Foreign skills needed to improve our economy
Last July my university advertised a tenure-track position in the Humanities. We recruited widely and, in line with our goal of positioning Stellenbosch as an internationally-reputable university, appointed a US citizen with a PhD from Oxford. Our chosen candidate held a teaching job at another South African university before, but was eager for better job security and the prospect of educating the next generation of South African political leaders.
And then the process of applying for a visa started. It has been more than six months since her appointment. Although she was due to start in September, she has had to return to the US, where as I write in late-January, she is still waiting for feedback from the Department of Home Affairs.
She is not alone. Across South Africa, universities and corporations are lamenting the slow speed at which visa applications are processed. Since the amended Immigration Act was passed on May 22 2014, it has become increasingly difficult to obtain a work visa, even for foreign spouses of South African citizens. Part of the reason is that the new process requires communication between the Department of Home Affairs and the Department of Labour, with the latter needed to verify whether the skills are indeed ‘scarce’.

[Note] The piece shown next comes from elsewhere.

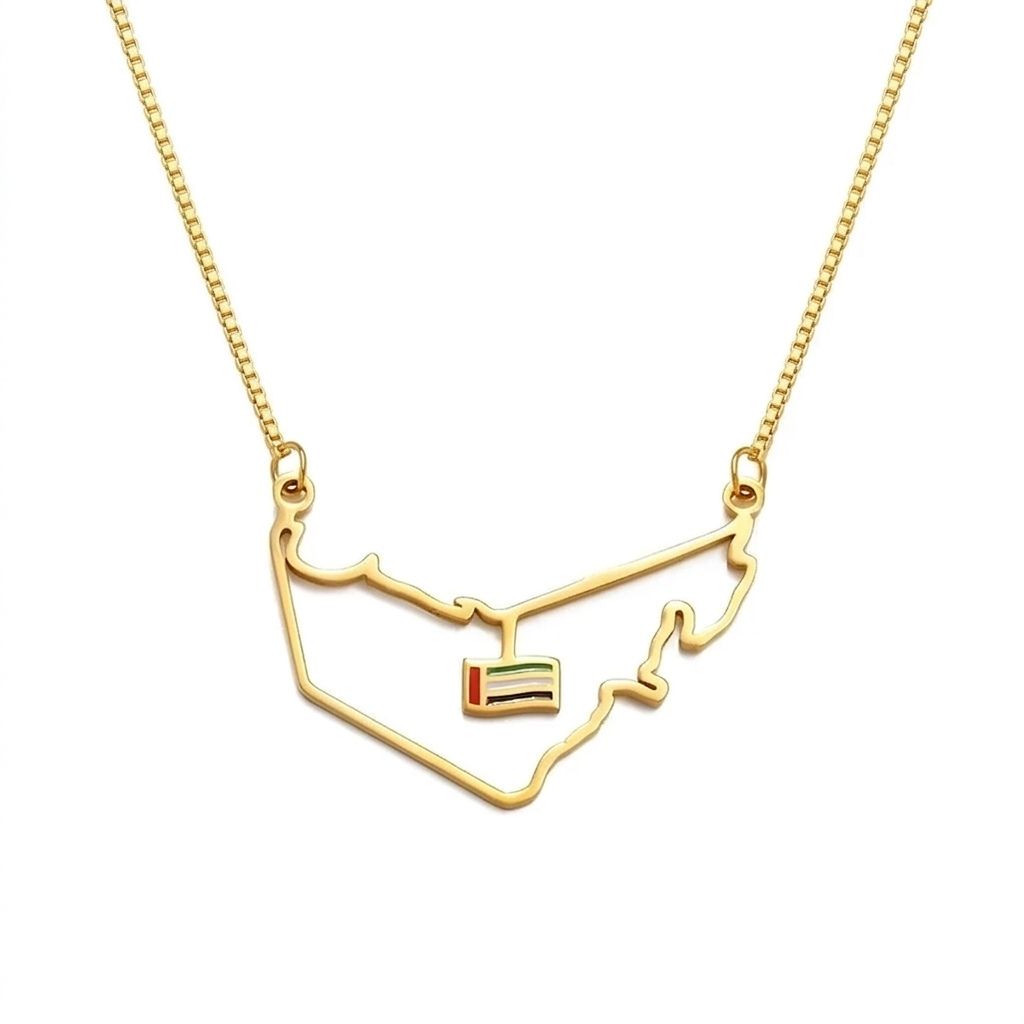 UAE Map Outline Necklace with Hanging Flag Charm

This is all the more saddening in a country so desperately in need of all kinds of skills. Those in favour of tougher laws against skilled immigration fail to recognise the immense shortfall in skilled workers across all sectors of the South African economy. The rapid growth of the South African economy since 1994 has created a huge demand for skilled workers, with institutions of higher learning unable to keep up with demand.
This is clear from a look at unemployment rates. Stellenbosch economist Hendrik van Broekhuizen calculates that the unemployment rate for South Africans with at least a bachelor’s degree is a low 5.9%. Black graduate unemployment is slightly higher at 8.6% because black students are more likely to enrol for courses in the arts, humanities and social sciences, and attend formerly disadvantaged universities, where the quality of degrees are perceived to be lower. But even an 8.6% unemployment rate is vastly superior to the aggregate broad unemployment rate of 41% for black South Africans (and lower, incidentally, than the graduate unemployment rate in the European Union too). This clearly suggests that there is a much greater demand for skilled jobs in South Africa – and why the #FeesMusFall-movement was so passionate in their pleas for greater access to higher education.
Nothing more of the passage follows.